ACTIVITY
If a line in the entries below includes the string "Full", copy it out.

(Collection entries)

----------------------------------------

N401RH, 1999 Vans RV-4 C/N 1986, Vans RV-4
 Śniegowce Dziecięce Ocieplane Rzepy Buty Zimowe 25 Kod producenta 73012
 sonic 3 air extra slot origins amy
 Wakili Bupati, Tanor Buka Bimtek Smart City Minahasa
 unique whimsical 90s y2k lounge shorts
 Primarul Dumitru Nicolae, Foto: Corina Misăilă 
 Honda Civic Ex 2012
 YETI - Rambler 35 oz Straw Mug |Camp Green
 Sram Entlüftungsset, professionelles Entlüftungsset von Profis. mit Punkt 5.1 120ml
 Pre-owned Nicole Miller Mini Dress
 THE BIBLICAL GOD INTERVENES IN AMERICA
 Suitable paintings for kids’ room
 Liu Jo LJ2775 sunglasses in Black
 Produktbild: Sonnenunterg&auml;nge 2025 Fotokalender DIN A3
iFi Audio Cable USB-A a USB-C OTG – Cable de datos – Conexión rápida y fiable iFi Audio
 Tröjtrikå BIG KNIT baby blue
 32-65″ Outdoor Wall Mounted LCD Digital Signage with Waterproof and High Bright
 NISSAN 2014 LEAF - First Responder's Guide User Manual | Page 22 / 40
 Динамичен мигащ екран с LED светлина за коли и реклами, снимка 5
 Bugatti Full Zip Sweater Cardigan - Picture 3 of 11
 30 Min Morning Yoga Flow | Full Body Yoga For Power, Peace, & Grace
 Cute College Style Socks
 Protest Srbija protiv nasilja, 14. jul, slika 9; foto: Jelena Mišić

----------------------------------------

TASK SOLUTION
 Bugatti Full Zip Sweater Cardigan - Picture 3 of 11
 30 Min Morning Yoga Flow | Full Body Yoga For Power, Peace, & Grace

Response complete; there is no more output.